Was ein Musikproduzent wie Tim Tautorat alles so macht? Er übernimmt bei der Aufnahme eines Tonträgers in der Regel die künstlerische Leitung des Projekts. Er plant das Budget für die Aufnahme und bespricht mit Label und Künstler, wie das Album am Ende klingen soll. Er unterstützt die Künstler bei den Arrangements und der Ausarbeitung der Stücke, organisiert und begleitet die Aufnahmesessions, berät die Künstler in technischen und kompositorischen Fragen.

Für die klangliche Nachbearbeitung der Aufnahmen und das Mischen ist dann in der Regel der Toningenieur zuständig, zum Teil übernimmt aber auch der Produzent diese Aufgabe.

Um Musikproduzent zu werden, kann man den Studiengang Tonmeister belegen, der einen für den Job des Produzenten befähigt. Auch den Beruf des ­Toningenieurs kann man in einem Studium erlernen. (jut)

Das Faszinierendste an seiner Arbeit sei aber nicht die Kollaboration mit den Stars, eher schon, was in der Studiosituation entstehe. „Wenn eine Band ins Studio kommt, dann kennen die Musiker sich untereinander in der Regel schon sehr lange, mich aber noch gar nicht. Die Zusammenarbeit macht aber dann etwas mit der sozialen Verbindung, man fühlt sich plötzlich unglaublich eng, macht die gleichen blöden Gags und fängt an, seine eigene Lagerkollersprache zu sprechen.“

Wie lang eine Produktion durchschnittlich dauert, ist schwer zu sagen, so Tautorat. Mal passiere alles en bloc in wenigen Tagen, mal ziehe es sich über mehrere Arbeitsphasen hin. Entsprechend unterschiedlich sind die Arbeitszeiten des Jungproduzenten. In einer akuten Produktionsphase seien schon mal hundert Stunden pro Woche drin. „Wenn man abends im Studio sitzt und an der Umsetzung einer Idee arbeitet, mitten im kreativen Prozess ist, kann man ja nicht sagen: ‚So, es ist 20 Uhr, ich mach jetzt Feierabend.‘“ Dafür habe er eben auch Phasen, in denen er nur drei Tage pro Woche arbeite. Reich werden könne man damit trotzdem nicht, sagt er. Für eine Mietwohnung in Kreuzberg aber reiche es.
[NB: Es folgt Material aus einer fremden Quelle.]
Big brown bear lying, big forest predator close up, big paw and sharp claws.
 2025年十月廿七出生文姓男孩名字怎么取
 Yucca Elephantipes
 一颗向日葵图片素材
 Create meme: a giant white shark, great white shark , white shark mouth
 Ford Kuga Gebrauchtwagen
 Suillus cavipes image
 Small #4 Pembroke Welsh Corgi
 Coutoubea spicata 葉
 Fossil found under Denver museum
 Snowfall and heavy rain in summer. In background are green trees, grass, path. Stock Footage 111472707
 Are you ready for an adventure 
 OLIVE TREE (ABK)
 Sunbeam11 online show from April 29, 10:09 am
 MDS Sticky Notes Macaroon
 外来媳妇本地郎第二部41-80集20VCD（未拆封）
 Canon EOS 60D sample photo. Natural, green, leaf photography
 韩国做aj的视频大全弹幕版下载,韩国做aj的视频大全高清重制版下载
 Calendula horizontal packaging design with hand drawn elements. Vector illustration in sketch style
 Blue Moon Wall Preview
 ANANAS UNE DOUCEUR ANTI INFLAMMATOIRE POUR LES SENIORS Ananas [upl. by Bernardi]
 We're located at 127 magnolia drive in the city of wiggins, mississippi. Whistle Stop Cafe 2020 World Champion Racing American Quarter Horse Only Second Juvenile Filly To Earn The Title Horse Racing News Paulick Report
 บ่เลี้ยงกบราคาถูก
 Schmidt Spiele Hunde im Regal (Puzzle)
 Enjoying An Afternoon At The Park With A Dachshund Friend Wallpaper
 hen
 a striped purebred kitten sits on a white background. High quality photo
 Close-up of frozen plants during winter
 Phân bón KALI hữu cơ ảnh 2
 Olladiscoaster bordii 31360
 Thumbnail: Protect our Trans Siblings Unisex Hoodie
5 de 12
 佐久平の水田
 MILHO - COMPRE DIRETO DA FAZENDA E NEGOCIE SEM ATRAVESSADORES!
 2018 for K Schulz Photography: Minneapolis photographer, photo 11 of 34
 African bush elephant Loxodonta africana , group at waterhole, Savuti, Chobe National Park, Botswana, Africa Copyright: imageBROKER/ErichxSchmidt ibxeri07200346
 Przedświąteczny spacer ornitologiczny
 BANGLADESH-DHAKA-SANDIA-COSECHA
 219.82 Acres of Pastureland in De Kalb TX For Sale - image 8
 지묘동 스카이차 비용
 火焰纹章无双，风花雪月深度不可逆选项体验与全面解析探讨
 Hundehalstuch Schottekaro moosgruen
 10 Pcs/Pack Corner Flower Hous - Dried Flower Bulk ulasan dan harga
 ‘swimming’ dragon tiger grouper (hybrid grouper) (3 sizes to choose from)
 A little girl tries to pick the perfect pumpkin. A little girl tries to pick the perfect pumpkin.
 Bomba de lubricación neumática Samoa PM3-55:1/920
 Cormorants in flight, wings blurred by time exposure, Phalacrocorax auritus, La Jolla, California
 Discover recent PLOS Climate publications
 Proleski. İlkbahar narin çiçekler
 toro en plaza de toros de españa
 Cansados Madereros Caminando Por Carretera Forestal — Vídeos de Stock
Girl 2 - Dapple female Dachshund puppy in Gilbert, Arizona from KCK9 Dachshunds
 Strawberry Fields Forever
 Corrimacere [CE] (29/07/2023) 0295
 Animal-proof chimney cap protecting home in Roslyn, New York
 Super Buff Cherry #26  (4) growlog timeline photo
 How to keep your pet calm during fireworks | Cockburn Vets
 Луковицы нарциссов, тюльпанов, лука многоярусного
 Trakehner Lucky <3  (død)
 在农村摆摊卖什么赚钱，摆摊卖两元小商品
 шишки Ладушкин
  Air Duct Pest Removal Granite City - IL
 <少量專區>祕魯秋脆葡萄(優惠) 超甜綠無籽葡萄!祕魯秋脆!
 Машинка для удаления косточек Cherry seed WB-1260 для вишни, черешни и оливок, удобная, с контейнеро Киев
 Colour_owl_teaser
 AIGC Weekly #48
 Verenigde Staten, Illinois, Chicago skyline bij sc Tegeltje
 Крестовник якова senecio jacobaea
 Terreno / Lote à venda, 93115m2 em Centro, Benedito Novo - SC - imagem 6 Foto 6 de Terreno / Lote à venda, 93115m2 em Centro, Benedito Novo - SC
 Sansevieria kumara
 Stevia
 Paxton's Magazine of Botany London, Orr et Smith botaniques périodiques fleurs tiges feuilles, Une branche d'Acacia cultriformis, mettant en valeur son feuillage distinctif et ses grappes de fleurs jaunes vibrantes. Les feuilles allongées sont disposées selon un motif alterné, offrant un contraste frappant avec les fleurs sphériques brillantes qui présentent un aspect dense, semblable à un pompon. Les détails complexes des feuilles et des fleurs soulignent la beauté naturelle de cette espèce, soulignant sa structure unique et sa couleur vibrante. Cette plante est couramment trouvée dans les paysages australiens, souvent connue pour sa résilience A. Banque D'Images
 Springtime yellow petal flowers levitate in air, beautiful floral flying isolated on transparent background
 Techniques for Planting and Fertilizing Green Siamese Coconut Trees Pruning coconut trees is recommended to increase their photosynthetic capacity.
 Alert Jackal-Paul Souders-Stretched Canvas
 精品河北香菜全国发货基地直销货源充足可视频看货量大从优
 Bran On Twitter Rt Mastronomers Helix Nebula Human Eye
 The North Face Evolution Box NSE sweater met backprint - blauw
Sich die Offenheit für neue Klänge zu bewahren sei die vielleicht größte Herausforderung. „Wenn ich nach einem 15- oder 16-Stunden-Tag nach Hause fahre“, sagt Tautorat, „dann höre ich mir dort nicht noch Musik an, sondern dann will ich nur noch schlafen.“

Gibt es Vorbilder unter den bekannten Musikproduzenten für ihn? Nicht wirklich. Niemand habe ausschließlich gute Sachen gemacht, so sei nun mal das Geschäft. „Selbst Nigel Godrich hat wohl schon mal ein schlechtes Album gemacht“, erklärt er in Anspielung an den etwa durch seine Arbeit mit der Band Radiohead bekannten britischen Produzenten.

Tautorat ist zuversichtlich, dass das bei ihm in nächster Zeit nicht passiert. Dafür habe er viel zu viel spannende Projekte in Aussicht. Zuletzt hat er mit der Kölner Band Neufundland und der norwegischen Künstlerin Debrah Scarlett gearbeitet, als Nächstes steht das Debüt des hochgehandelten Züricher Songwriters Faber an. Die frischen Ohren, Tim Tautorat wird sie auch 2017 brauchen können.